Je n’avais que vingt ans lorsque j’ai appris, de la manière la plus cruelle qui soit, que le corps humain pouvait se réduire à un simple chronomètre. Je ne parle pas d’une métaphore poétique ni d’une figure de style employée par les écrivains en temps de paix. Je parle de quelque chose de littéral, de mesuré, de répété avec une précision mécanique qui me fait encore trembler les mains aujourd’hui, tant d’années plus tard. Neuf minutes. C’était le temps exact accordé à chaque soldat allemand avant que l’on appelle le prisonnier suivant, avant que le cycle ne recommence. Il n’y avait pas d’horloge accrochée au mur froid de la cellule six, aucun cadran visible sur lequel nous puissions nous référer pour savoir combien de temps il nous restait à endurer. Et pourtant, nous savions tous, avec une précision quasi animale, exactement quand ces minutes s’écoulaient. Le corps apprend à compter le temps d’une manière biologique et terrible lorsque l’esprit a déjà renoncé à penser. Je m’appelle Élise Martilleux, aujourd’hui je porte le poids des années sur mes épaules, mais c’est la première fois que j’accepte d’ouvrir les profondeurs de ma mémoire pour parler de ce qui s’est réellement passé dans ce bâtiment administratif gris, transformé en centre de détention à la périphérie de Compiègne.
C’était en août 1943, et le monde semblait avoir oublié la lumière. Presque aucun document officiel ne mentionne cet endroit précis. Les rares qui le font mentent effrontément, le qualifiant simplement de centre de triage ou de lieu de transit temporaire vers les grands camps de concentration. Mais nous, les femmes qui avons été traînées derrière ces murs, connaissons la vérité que ces pierres froides ont dissimulée pendant plus de soixante ans. J’étais une jeune femme ordinaire, fille d’un forgeron robuste et d’une couturière patiente. Je suis née et j’ai grandi à Senlis, une petite ville au nord-est de Paris qui semblait préservée du temps jusqu’à l’arrivée de la guerre. Mon père est mort en 1940, lors du grand exode français, écrasé sur une route bondée de réfugiés fuyant l’avancée nazie. Ma mère et moi avons survécu tant bien que mal, cousant des uniformes pour les officiers allemands, troquant notre dignité contre des miettes de pain rassis pour éviter la famine. J’avais des cheveux bruns qui m’arrivaient aux épaules et je croyais, avec la naïveté typique de la jeunesse, que si je baissais la tête et ne me faisais pas remarquer, la guerre me dépasserait comme une tempête qui mouille la terre sans abattre l’arbre.
Mais le destin se moque de notre discrétion.

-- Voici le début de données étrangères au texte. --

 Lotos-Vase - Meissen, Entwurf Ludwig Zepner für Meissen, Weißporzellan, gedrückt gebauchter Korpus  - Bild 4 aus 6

Le 12 avril 1943, trois soldats de la Wehrmacht ont frappé à notre porte avant l’aube. Ils ont dit que ma mère avait été dénoncée pour avoir caché une radio clandestine. C’était un mensonge absurde ; nous n’avions jamais rien possédé d’autre que des aiguilles et des tissus, mais la vérité, en ces temps sombres, était un luxe que personne ne pouvait se permettre. Ils m’ont emmenée aussi, simplement parce que j’étais là, parce que j’avais l’âge qu’ils recherchaient, parce que mon nom figurait sur une liste dressée dans un bureau glacial par un bureaucrate anonyme. On nous a jetées dans un camion avec d’autres femmes dont le silence n’était rompu que par le rugissement du moteur et les secousses de la route.
Je regarde par la fenêtre et aperçois les toits de Senlis. La cathédrale se dresse, imperturbable, comme toujours. La vie poursuit son cours, indifférente aux souffrances du passé, et c’est bien ainsi. C’est le signe que la vie a triomphé. Mais les pierres savent. L’air porte les murmures de ceux qui sont partis. Et moi, Élise Martilleux, je clôt ce récit avec la certitude d’avoir accompli mon devoir. Le fer a été forgé. L’œuvre est achevée. Et elle est belle, malgré les traces du feu. Puisse ce texte offrir un refuge à ceux qui se sentent perdus dans l’obscurité et une boussole à ceux qui cherchent la vérité dans un monde de mensonges commodes.
Le silence de la chambre six fut à jamais brisé. Le claquement des bottes laissa place au bruissement des pages. Ainsi, justice est faite. Non pas dans les tribunaux froids de Nuremberg, mais dans le cœur de chaque lecteur qui refuse d’oublier. Puisse le chiffre neuf ne plus jamais être perçu que comme un simple chiffre, et jamais plus comme la mesure de la souffrance d’une femme. Que la dignité soit notre seule règle et l’amour notre seul chronomètre. Je rejoins les miens, le cœur léger et l’âme apaisée. La guerre est finie. La résistance a triomphé. La mémoire est libre.